São João was a Portuguese carrack or "great galleon" launched around 1551 that was wrecked off the coast of Natal in 1552.

São João under captain Manuel de Sousa Sepúlveda was on the Carreira da Índia trade route from Cochin to Lisbon when she was severely damaged on storms approaching the Cape of Good Hope. On 8 June 1552, attempting to turn back towards Mozambique, the ship stranded north of the mouth of the Inhlanhlinhlu River at Port Edward, South Africa.

110 people were lost in the wreck but 500 people survived and attempted an arduous land journey to the nearest Portuguese settlement at Maputo, about 600 kilometres north.

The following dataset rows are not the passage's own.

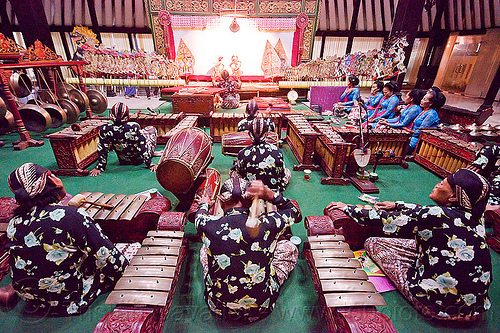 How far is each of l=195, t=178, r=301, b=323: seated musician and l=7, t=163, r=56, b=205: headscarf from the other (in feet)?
3.32

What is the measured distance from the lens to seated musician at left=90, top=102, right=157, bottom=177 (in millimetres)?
3912

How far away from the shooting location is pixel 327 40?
13.6m

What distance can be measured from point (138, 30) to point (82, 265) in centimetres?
1412

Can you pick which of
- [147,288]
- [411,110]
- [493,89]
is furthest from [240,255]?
[493,89]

Only about 25 people survived the trek, before being rescued by a passing Portuguese vessel. The dead included captain Sepúlveda and his wife Dona Leonor, daughter of the governor of Portuguese India Garcia de Sá.

Crew member Álvaro Fernandes recounted the events and the pamphlet História da muy notável perda do galeão grande São João (circa 1555-6) gave a popular account of the tragedy. The wreck was featured in Bernardo Gomes de Brito's História trágico-marítima of 1735 and in Portuguese Voyages.

A memorial at Port Edward marks the site of the wreck.